Et nous retournons vers la guerre du Pacifique, qui décidément hantait Raoul Walsh, pour un film à l'histoire troublée... Qu'on s'en souvienne, le roman de Norman Mailer avait bouleversé Charles Laughton et son partenaire de The night of the hunter, Paul Gregory: l'idée était de reprendre la même équipe (Laughton, Gregory, Mitchum et le chef-opérateur Stanley Cortez) pour tourner une adaptation "sans concession" du roman... L'insuccès de leur premier long métrage en a décidé autrement... C'est donc une production RKO, distribuée par Warner (le studio RKO en était vraiment à la toute fin, après de rocailleuses années 50), mise en scène par Raoul Walsh, sur un script qui n'est qu'officiellement de Denis et Terry Sanders, les deux auteurs qui avaient été engagés par Paul Gregory. L'image est signée de Joseph LaShelle, en lieu et place de Cortez, et Paul Gregory est bien crédité en tant que producteur... Cerise sur le gâteau, la musique du film est une partition agressive et totalement appropriée de Bernard Herrmann...
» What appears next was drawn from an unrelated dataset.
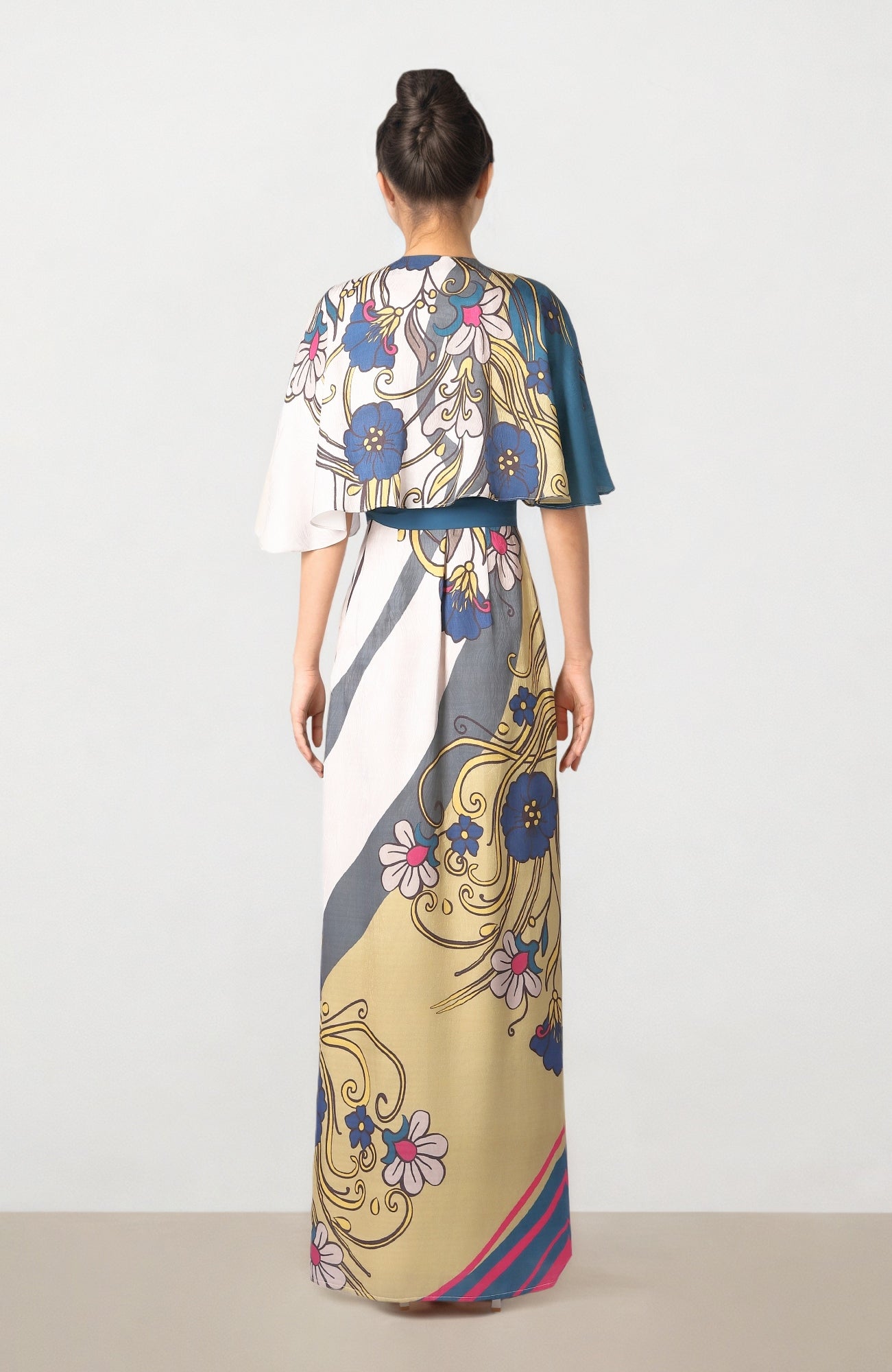 Printed Jacquard Dress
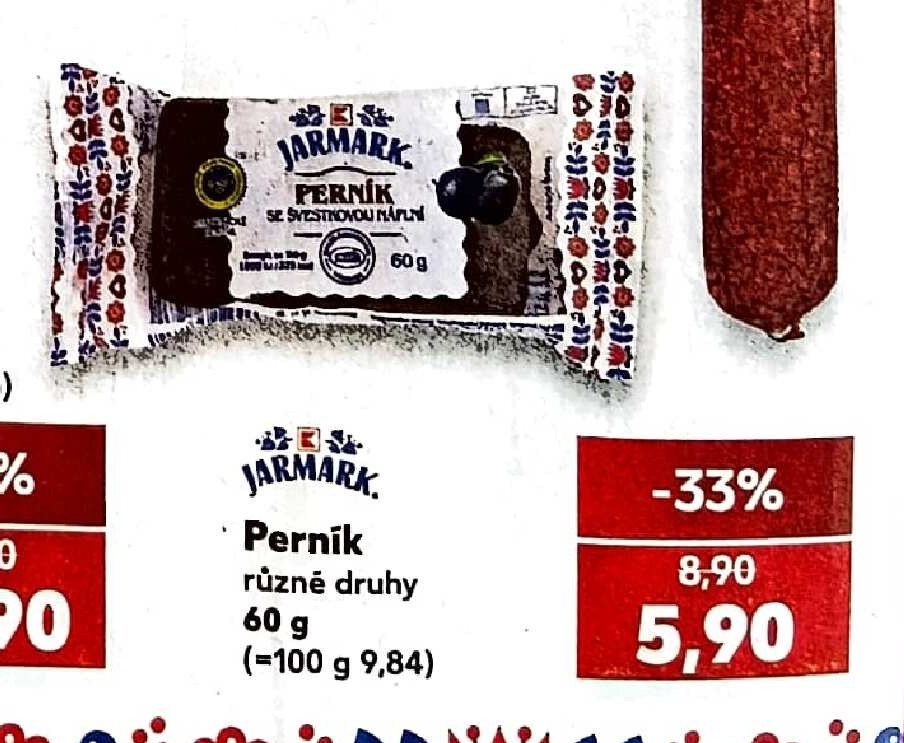 Jarmark Perník různé druhy 60 g - Kaufland aktualniletaky.eu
On se souvient de Battle Cry dans lequel les Marines devaient accomplir leur devoir, et faire le sale boulot attendu d'eux, tout en rêvant au retour... On se rappelle aussi de Objective Burma, où des soldats coincés en pleine jungle devenaient les prisonniers d'une jungle des moins rassurantes, tombant de piège en piège au gré des embuscades des soldats Japonais qui se confondaient avec la végétation! Ce sont ces deux aspects qui se retrouvent entremêlés dans ce nouveau film, avec une nouvelle dimension de réalisme sordide, et aussi une réflexion amère sur la bêtise humaine face au pouvoir...
Comme dans les deux films précédents, ça passe plus par une galerie de personnages que par l'intrigue, mais Walsh ne refait pas celle de Battle Cry, dont les "types" sympathiques auraient ici été trop empreints de clichés. Et "l'arrière" qui était ce lieu mythique vaguement considéré comme une récompense, ou comme le "repos du guerrier", agit ici plus pour donner une sorte de contexte et de profondeur à certains personnages... Surtout un, en fait: le sergent Croft (Aldo Ray), dur, menteur, tricheur et manipulateur; autant de qualités qui en font pourtant un excellent soldat! Mais il a un secret qui explique en partie sa dureté, un secret sur son intimité qu'il va nous falloir deviner entre les lignes de flash-backs disséminés dans les deux premiers actes. Les autres personnages développés sont au nombre de deux: le général Cummings (Raymond Massey) est tellement auto-satisfait qu'il voir arriver le jeune lieutenant Hearn (Cliff Robertson), un fort-en-gueule mais qui a oublié d'être stupide, comme une opportunité d'affirmer sa supériorité. Il va oublier d'en être un bon commandant en chef... Hearn, de son côté, semble s'être trompé de vocation, comme en témoigne une scène à la fois hilarante et épouvantablement triste qui voit, sans aucun dialogue, Hearn collectionner les conquêtes (parfois jusqu'à trois en même temps).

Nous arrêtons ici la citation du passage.